The Wall Street seems to be now [finally!] full with such and SEC plans to come down heavily on the ‘window dressed’ financials. The American market regulator recently voted 5-nil on the new proposed amendment to the securities law adding further disclosures to financial statements for the caterpillars [i.e. financial intermediaries] now butterflies for the last two years [i.e. Bank Holding/ Financial Holding Companies].
More about the back drop:
This comes from the US regulators alongside the backdrop of a few failing financial intermediaries causing an industry pressure leading into a pack of falling cards like crash for the industry during the fall of 2008.
Here a few failed ‘dressed’ balance sheets seemed understated on debt just before the Q. end wherein a few billion Dollars showed as sales instead of financing thanks to a repo transaction. Hence the strong looking balance sheet could not come to rescue the firm from bankruptcy.
The Proposal:
These added disclosures aim to create more transparency around ‘short-term’ borrowing arrangements. Under the proposal, all companies would have to reveal in their regulatory filings both the average and maximum amount of debt they had each quarter.

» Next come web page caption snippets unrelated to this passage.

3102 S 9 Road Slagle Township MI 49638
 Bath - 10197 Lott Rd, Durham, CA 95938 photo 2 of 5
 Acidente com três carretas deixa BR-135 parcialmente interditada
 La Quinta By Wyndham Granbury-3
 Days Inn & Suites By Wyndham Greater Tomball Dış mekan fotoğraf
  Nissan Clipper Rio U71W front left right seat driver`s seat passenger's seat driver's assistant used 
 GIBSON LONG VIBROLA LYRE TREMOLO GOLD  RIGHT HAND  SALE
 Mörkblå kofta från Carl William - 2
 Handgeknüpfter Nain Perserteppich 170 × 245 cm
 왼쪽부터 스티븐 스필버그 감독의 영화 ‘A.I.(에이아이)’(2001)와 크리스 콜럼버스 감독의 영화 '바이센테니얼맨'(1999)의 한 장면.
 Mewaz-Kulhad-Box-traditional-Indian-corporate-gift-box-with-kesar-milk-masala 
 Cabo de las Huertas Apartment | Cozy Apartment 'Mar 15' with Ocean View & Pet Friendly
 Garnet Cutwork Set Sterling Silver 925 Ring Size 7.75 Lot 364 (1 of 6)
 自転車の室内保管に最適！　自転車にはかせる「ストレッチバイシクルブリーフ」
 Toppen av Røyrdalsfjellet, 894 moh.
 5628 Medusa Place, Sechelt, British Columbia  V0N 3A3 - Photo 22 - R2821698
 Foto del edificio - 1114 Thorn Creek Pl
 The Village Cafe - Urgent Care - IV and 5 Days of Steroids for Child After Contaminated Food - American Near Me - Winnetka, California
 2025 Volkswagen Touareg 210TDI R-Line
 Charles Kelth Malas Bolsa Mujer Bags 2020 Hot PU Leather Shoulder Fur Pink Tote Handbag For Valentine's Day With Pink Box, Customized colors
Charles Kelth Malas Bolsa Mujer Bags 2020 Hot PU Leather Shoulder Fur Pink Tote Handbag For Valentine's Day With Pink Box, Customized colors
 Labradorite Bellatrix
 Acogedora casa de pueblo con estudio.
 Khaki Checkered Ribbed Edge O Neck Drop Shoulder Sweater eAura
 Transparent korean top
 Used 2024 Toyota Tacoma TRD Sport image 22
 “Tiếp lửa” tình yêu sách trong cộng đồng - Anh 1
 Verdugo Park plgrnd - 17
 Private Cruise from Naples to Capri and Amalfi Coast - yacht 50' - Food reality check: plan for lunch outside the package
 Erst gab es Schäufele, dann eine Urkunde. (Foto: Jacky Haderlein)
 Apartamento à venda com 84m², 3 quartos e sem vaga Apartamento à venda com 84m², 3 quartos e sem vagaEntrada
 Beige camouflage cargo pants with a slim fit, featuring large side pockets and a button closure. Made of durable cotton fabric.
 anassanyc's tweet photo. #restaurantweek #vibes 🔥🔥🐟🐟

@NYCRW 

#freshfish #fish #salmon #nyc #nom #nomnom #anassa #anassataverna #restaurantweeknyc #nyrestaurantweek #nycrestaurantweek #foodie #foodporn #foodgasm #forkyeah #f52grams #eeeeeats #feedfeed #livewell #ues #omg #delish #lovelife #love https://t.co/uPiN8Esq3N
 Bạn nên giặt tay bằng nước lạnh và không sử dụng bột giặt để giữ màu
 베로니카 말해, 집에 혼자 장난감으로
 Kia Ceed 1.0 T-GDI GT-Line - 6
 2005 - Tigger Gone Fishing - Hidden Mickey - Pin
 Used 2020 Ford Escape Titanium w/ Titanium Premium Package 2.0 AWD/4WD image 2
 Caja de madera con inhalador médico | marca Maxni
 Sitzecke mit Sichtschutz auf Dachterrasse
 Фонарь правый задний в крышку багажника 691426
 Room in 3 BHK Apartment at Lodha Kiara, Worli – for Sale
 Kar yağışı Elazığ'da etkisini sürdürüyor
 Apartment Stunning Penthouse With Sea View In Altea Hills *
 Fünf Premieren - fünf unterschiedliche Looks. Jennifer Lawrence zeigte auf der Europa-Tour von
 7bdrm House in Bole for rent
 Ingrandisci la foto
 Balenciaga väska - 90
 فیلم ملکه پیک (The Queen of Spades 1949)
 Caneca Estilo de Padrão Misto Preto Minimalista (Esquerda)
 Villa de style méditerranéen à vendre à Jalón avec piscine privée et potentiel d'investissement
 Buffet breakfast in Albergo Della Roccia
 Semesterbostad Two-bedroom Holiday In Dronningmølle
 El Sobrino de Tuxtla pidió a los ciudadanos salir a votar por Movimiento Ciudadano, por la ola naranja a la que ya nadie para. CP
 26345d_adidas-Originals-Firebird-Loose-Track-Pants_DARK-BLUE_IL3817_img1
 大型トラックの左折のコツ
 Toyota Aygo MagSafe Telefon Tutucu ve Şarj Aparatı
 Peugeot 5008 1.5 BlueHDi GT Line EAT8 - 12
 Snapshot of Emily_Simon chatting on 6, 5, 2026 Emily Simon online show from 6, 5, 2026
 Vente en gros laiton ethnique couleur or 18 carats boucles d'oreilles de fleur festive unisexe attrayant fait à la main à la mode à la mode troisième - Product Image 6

The FIs would be required to provide, in a separately captioned subsection of Management’s Discussion an analysis of financial conditions and operations w.r.t. its short-term borrowings, including both quantitative and qualitative information.
The proposed amendments would be applicable to annual and quarterly reports, proxy or information statements that include financial statements, registration statements under the Securities Exchange Act of 1934, and registration statements under the Securities Act of 1933.
This means companies would have to disclose debt more frequently and reveal more information about borrowing arrangements they use. They would also have to inform the investors of business conditions that may make it difficult for them to borrow and why debt levels fluctuated during the financial period reported.
Conforming amendments are also proposed to Form 8-K so that the Form would use the terminology contained in the proposed short-term borrowings disclosure requirement.
SEC has taken this proposal for public views for 60 days considering the feedback, SEC will re-vote to see this proposal through legislation.
Not just that…….
SEC has also gotten even more investor friendly by intending to issue interpretive guidance to investors to better understand the disclosures on liquidity and capital resources, analysis of financial conditions and impact of operations on liquidity and funding risks facing the companies.
Guidelines on implementations have also been planned for the companies to aid them in adhering to the said rules for disclosing debt. With a bottom line aim is to convey that financing arrangements can no more be used to mask financial engineering.
What this really changes:
Regulatory changes more often than not, follow any financial fiasco to build future immunities.
Like all others in the real world, the regulators convey to understand that disclosures to do not eliminate the act, unless penal provisions are attached, but would indeed make it difficult.
This move globally once in vogue, will impact though to limited extent local subsidiaries and will provide investors across the globe with more first hand information, so even more reads for the savvy guys…. ‘Vigilance is the price of liberty’ they say… that explains.